„Selbstkritik eines bürgerlichen Hundes“ von Julian Radlmaier


"Selbstkritik eines bürgerlichen Hundes" ist Julian Radlmaiers Abschlussfilm an dffb und läuft in der Perspektive Deutsches Kino der Berlinale. © faktura film

„Selbstkritik eines bürgerlichen Hundes“ ist Julian Radlmaiers Abschlussfilm an dffb und läuft in der Perspektive Deutsches Kino der Berlinale. © faktura film

Julian Radlmaier schafft mit seinem Film eine intelligente Politsatire in der er jede Seite durch die Mangel dreht.
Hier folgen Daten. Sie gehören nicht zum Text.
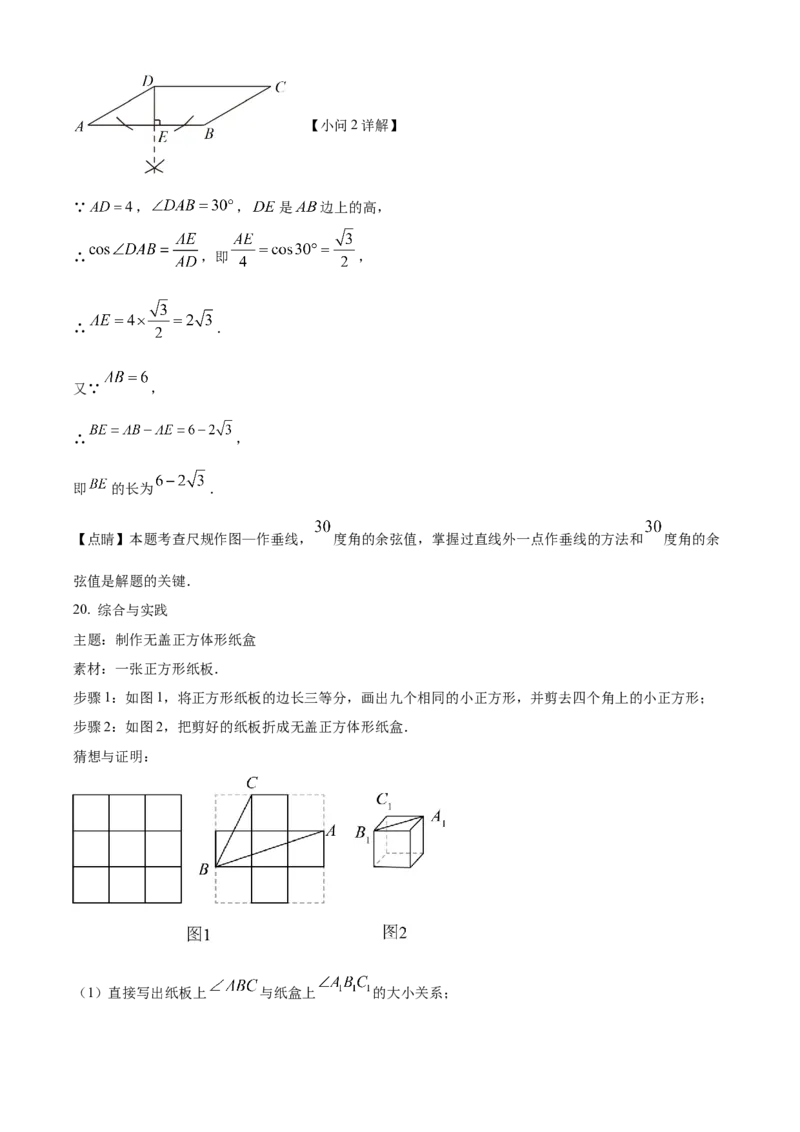 精品解析：2023年广东省中考数学真题（解析版）_new_北师大初中数学_9下-北师大版初中数学_05习题试卷_6中考真题_2023各地中考真题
Er ergreift keine Partei für einen idealistischen Kommunismus oder einen aufklärenden Liberalismus – oder sonst einem Ismus. Gerade die absurde Verstrickung und Widersprüchlichkeit, die nur eine einzige Positionierung mit sich führt, zeigt er spielerisch auf. Dabei geht er nicht plump oder belehrend vor, sondern verwendet altbekannte Floskeln in einem unerwarteten Kontext, die dadurch an neuer Bedeutung gewinnen. Der Film sagt, dass unser ganzer Alltag politisch ist und dieser differenziert betrachtet werden muss, denn ansonsten ergibt sich eine restriktive Sicht auf’s Ganze.

Gleichzeitig funktioniert „Selbstkritik eines bürgerlichen Hundes“ auch als ironische Betrachtung des Künstlerstatus’ in Berlin. Der Autor amüsiert sich über eine erzwungene Intellektualität ohne Substanz, eine Scheu des selbsternannten Intellektuellen sich Gedanken übers Finanzielle oder die körperliche Arbeit machen zu müssen. Künstlersein steht vor dem künstlerisch aktiv sein, es geht um eine Haltung und nicht um das Erschaffen von Kunst oder den eigenen künstlerischen Ausdruck, also Künstlersein als Statussymbol.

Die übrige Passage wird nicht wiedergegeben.